There’s more to video journalism than point-and-shoot

By Lost Albatross via Flickr Creative Commons

We at Journalism in Motion have just finished the TV component of our course, and I’ve found that the process of learning how to film and construct a storyline for TV has changed the way I watch TV and video for good.

Constructing a fair and accurate report using visual imagery is an acquired skill, but it’s essential for a lot of video journalism. So I wish I’d seen this excellent list of tips for shooting video by the BBC College of Journalism a long time ago.

Video journalism is a fiddly blend of the technical and the creative: if your kit isn’t working properly you won’t have a video report at all, but to create an effective piece you’ll usually need to go way beyond checking the sound levels, hitting the red button and standing back.

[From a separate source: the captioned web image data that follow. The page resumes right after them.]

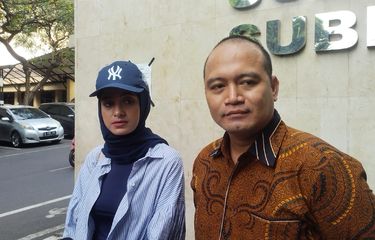 Mantan istri Rizal Djibran (bertopi) bersama kuasa hukumnya, Tris Harijanto ditemui di Ditreskrimum Polda Metro Jaya, Selasa (3/10/2023). 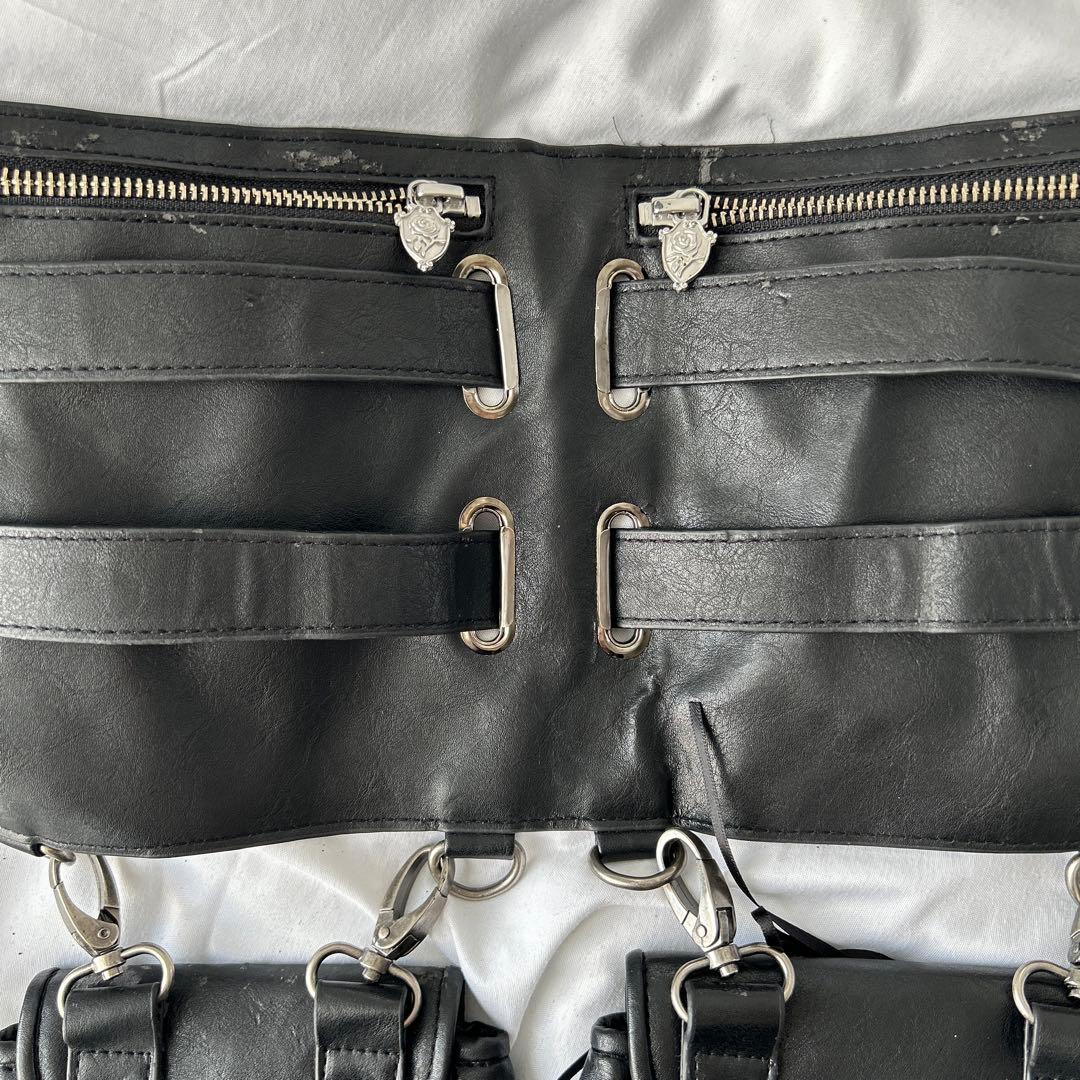 ozz onオッズオン 薔薇刺繍 フリル ウエストバック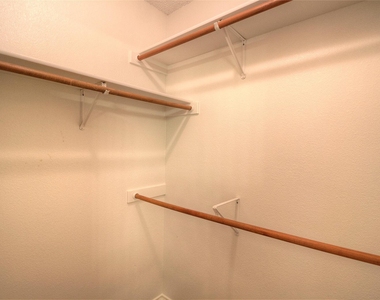 7409 Glen Drive - Photo Thumbnail 14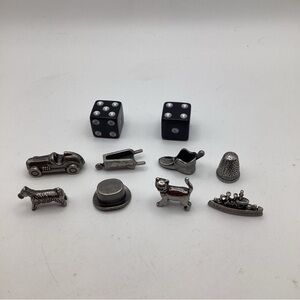 Monopoly 2016 Silverline Edition 8 Tokens And Pair Of Black Dice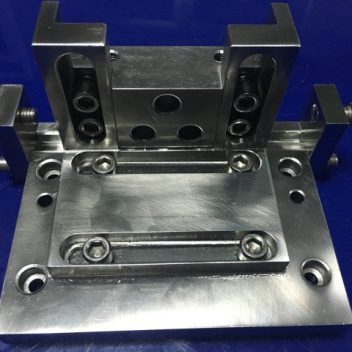 GIA CÔNG TIỆN, TIỆN CNC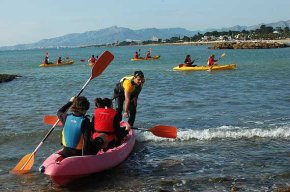 La I Concentració de Caiacs de Mar posa el punt i final a les sortides amb kaiac d'estiu de l'Estació Nàutica Costa Daurada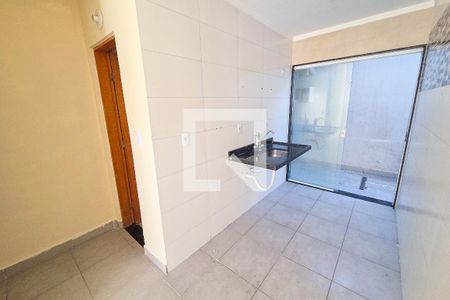 Cozinha de casa de condomínio para alugar com 1 quarto, 60m² em Maracanã, Praia Grande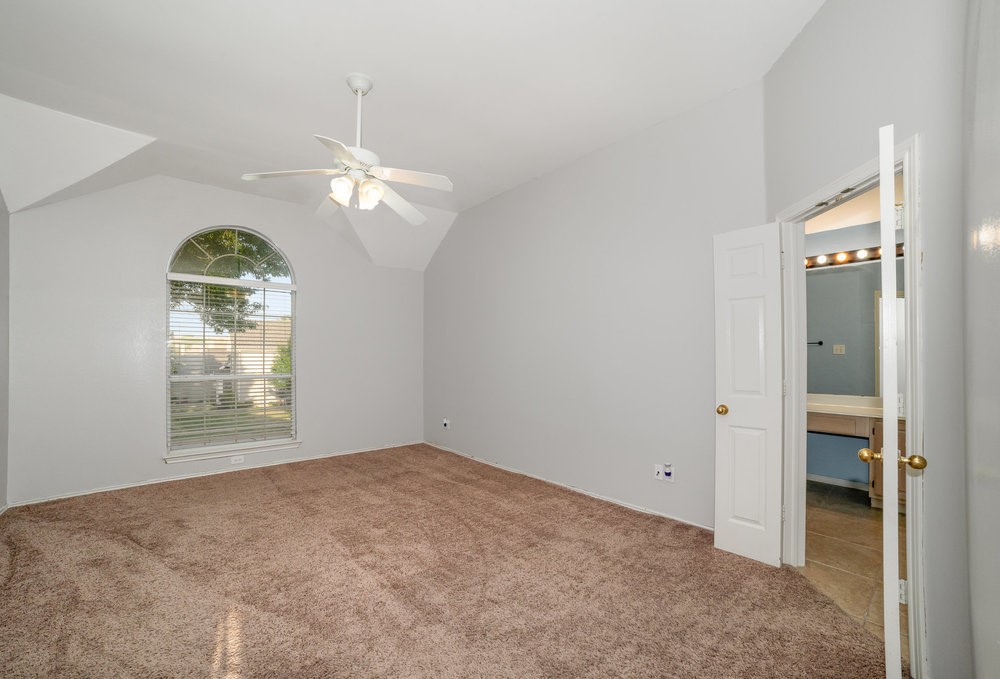1908 Wood Crest Drive Grapevine TX 76051
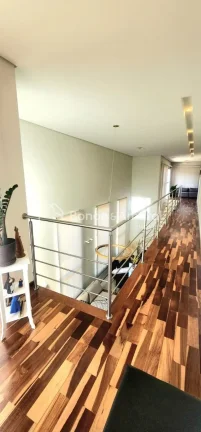 Imagem Linda Casa de Esquina, Toda Mobiliada - Oportunidade Imperdível!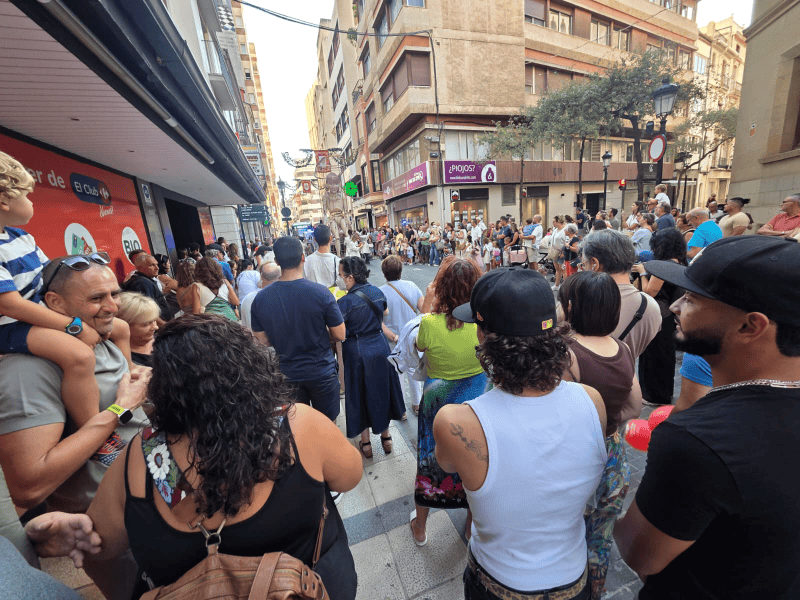 El POT arranca con una maratón de circo, danza y clowns por las calles de Castellón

The BBC’s top tips include:
• Check your kit and make sure your batteries are charged
• Focus on the story, and try to sort out all your interviews in advance so that once you’re on location things run smoothly
• Use a combination of types of shots, varying wide shots to let the viewer know where they are with close-ups that show details

See the full list of tips here.

Lots of the video journalism we’ve discussed on this blog has largely ignored all of the above: often, the most striking reports are simply eyewitness accounts of extraordinary events, where the best thing the observer can do is hold the camera steady and try to take it all in. Often, this falls into the category of citizen journalists who just happen to be there when something incredible happens.

But for professional journalists who are attempting to tell a full and balanced story in video, the BBC’s advice is spot on.